OP, you are not unreasonable at all but I'm afraid I don't have good advice for you. I had my ears pierced as a child (by my older sister, using a sewing needle and an ice cube!) and while I was old enough to remember it, I don't remember any pain. However they did get infected later in life, and I had them done again much later in life and they are now fine. My DH is Asian and he and my MIL wanted DD to get her ears pierced as a baby, but I just refused and they let it go very quickly. I'm not Asian though, so there was no community/cultural value in it for me, and I just don't like the looks of pierced ears on babies.

Ear piercing has really fallen out of favour in the UK, so you are going to get a lot of aggressive responses on this thread. It is still considered the norm in many countries (Spain, parts of the US) so you would probably get a very different response there.

Finally I find the analogy to FGM deeply offensive and ignorant.

AuntieStella · 26/10/2015 09:17

"Perhaps tell her if she take her without your consent you will report her to the gmc for assault on your child"

This isn't going to be relevant here. The child's father wants to get them done and he can give valid consent.
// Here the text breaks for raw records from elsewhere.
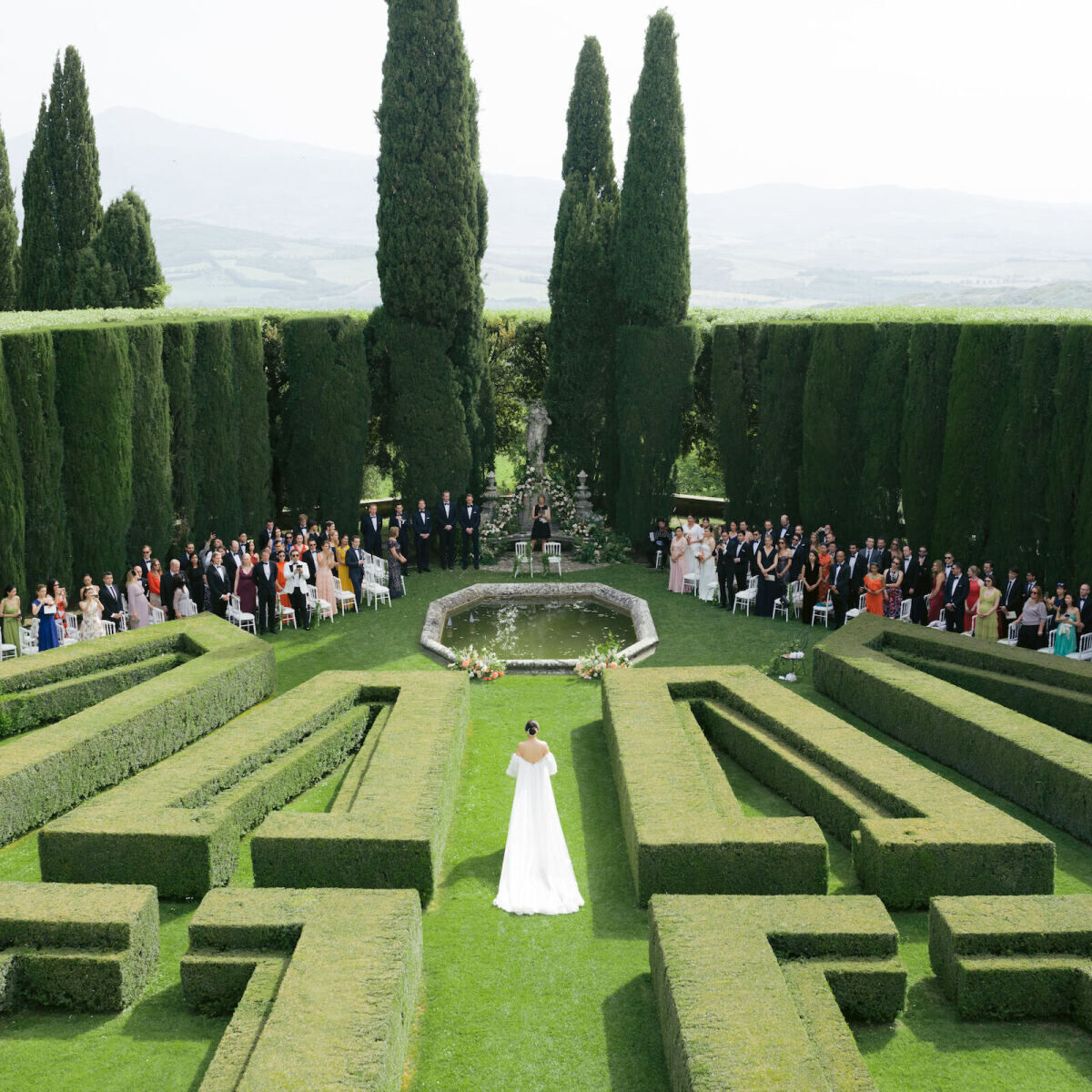 Wedding photographer: Wedding photographer aerial drone shot of wedding ceremony by  Bottega 53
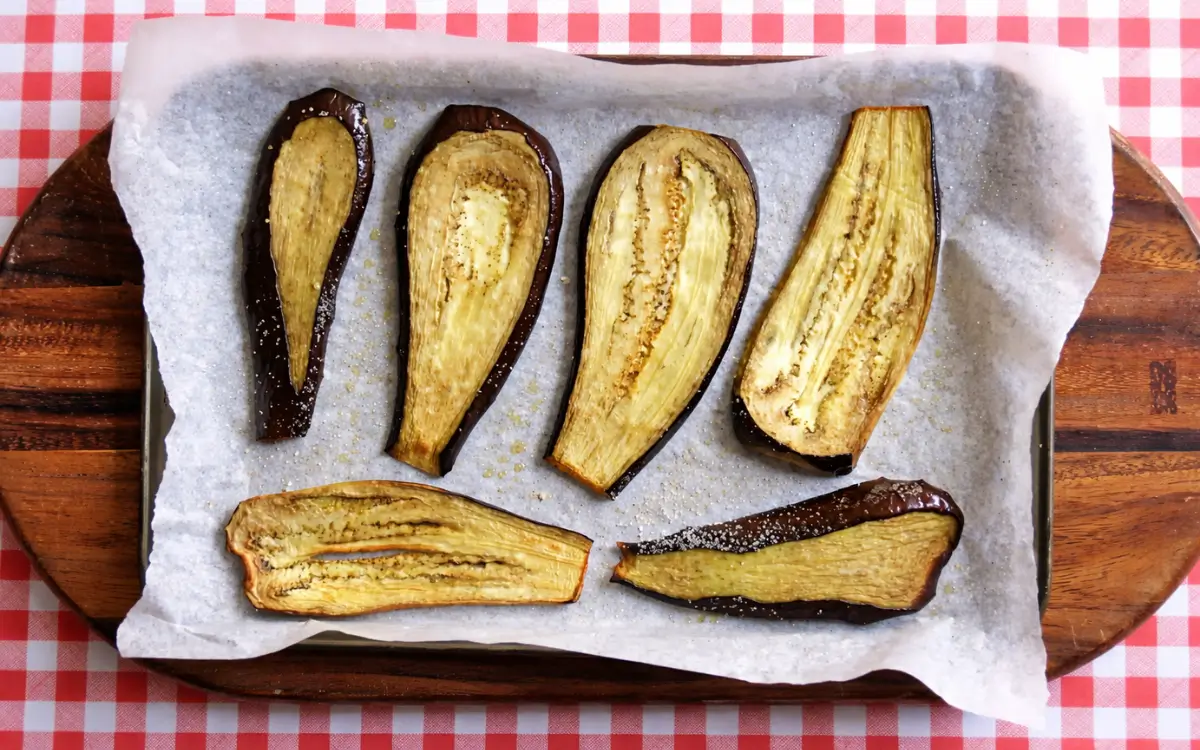 Roasted eggplant halves arranged on lined baking tray.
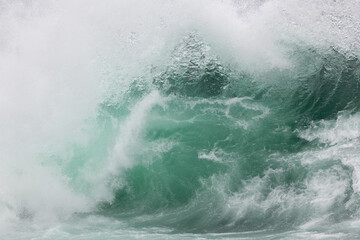Fototapeta na wymiar An angry teal green color massive rip curl of a wave as its barrel rolls along the ocean. The white mist and foam from the wave are foamy and fluffy. The ocean spray is coming off the top of the wave
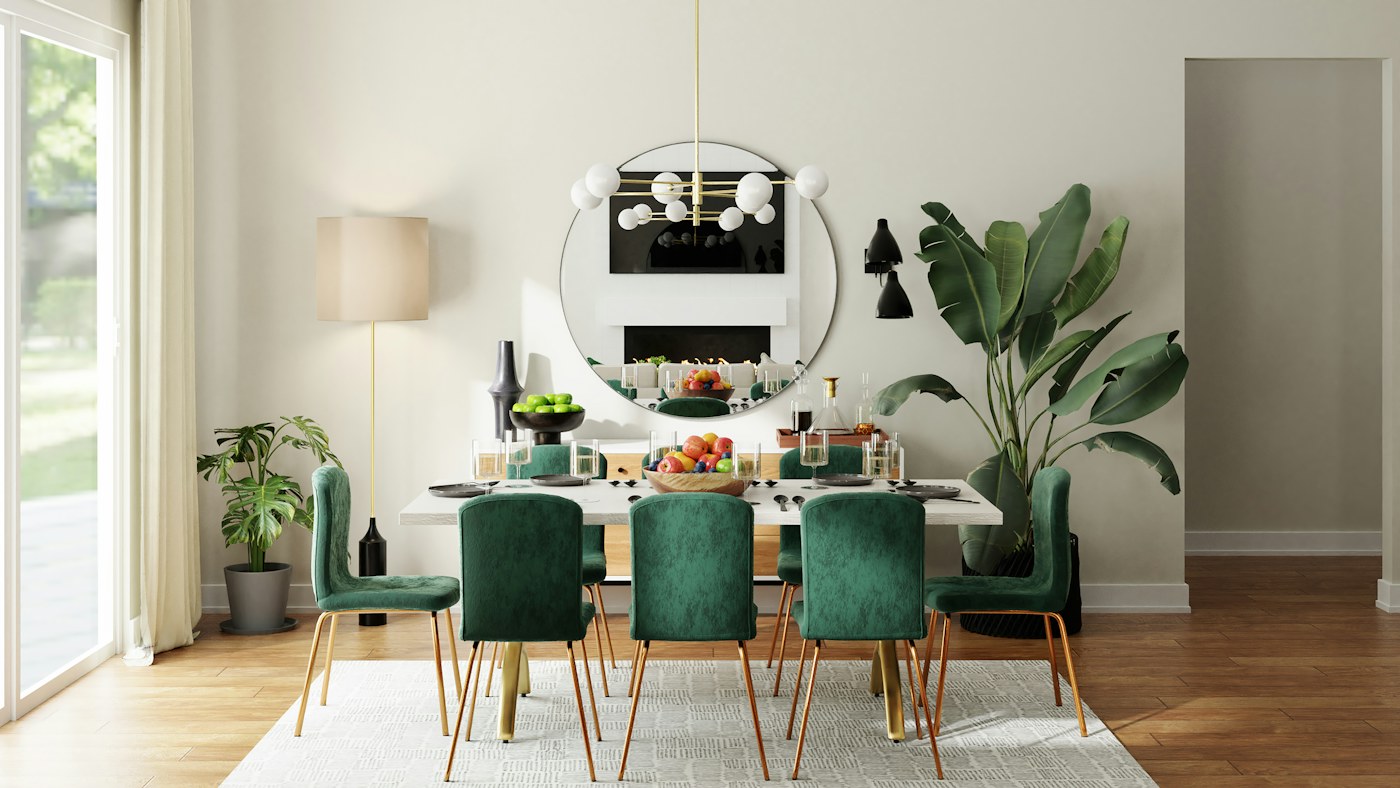 Dining table, green chairs and plants in a welcoming home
And in the scenario described by OP earlier in the thread, this isn't going to end up anywhere near a court because they do not intend to use a paid practitioner.
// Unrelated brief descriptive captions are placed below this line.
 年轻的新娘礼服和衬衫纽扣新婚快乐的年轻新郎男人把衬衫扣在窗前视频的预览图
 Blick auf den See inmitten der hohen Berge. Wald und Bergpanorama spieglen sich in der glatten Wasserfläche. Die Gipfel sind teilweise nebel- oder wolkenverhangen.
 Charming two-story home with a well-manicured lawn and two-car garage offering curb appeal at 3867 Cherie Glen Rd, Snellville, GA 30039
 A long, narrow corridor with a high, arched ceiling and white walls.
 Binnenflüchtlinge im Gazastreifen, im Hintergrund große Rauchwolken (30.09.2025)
The key issue is about the relationships within the family. OP's DH has backed her up in a number of preferences to date (with regard to upbringing of DS) but doesn't support her on this one. It's easy for people in a culture where piercing typically takes place at an older age to side with the parent who wants to do something closer to their own cultural norm.

But piercing isn't remotely on a par with FGM (as suggested as a comparison by at least one poster up the thread). Even if you think it should not be legal here, right now it is. And one parents wants it to happen. There aren't going to be objective killer arguments that will win the day on this.

How a couple handles a dispute on which they have opposing viewpoints and on which no compromise is possible is always tough. Is this the first time, OP, that you and DH have faced such circumstances?

Sandsnake · 26/10/2015 09:33

Firstly Flowers for you OP, what a shitty position to be in. I think you will know by now that you are definitely not being unreasonable. The pressure that your family are putting you under is utterly wrong.

Also - and I'm trying to phrase this in a way that doesn't offend anyone - I think that it is impossible and unfair for people to expect that a foreign culture can wholly survive in another country. Elements of it will always need to adapt. When your mother / MIL came to the UK they must have expected that there were elements of their culture that might have to be modified over time. Your DM's daughter - you - have grown up with different influences than she did and as a result have different opinions on the ear piercing issue. This is natural.

It is YOUR decision to make. Your decision to start new practices for your family. Your role in the future when your baby has her own babies to support her and advocate her wishes in whatever she chooses.

I don't have much in they way of practical advice. I've had Tamil friends and have a small amount of understanding as to the strict cultural pressures that come with it. I therefore realise that it's far easier for us to tell you to resist the pressure than it is for you to actually do it. I just wanted you to know that if you do make (what I believe) to be the right decision to not have your baby's ears pierced then you will be supported here.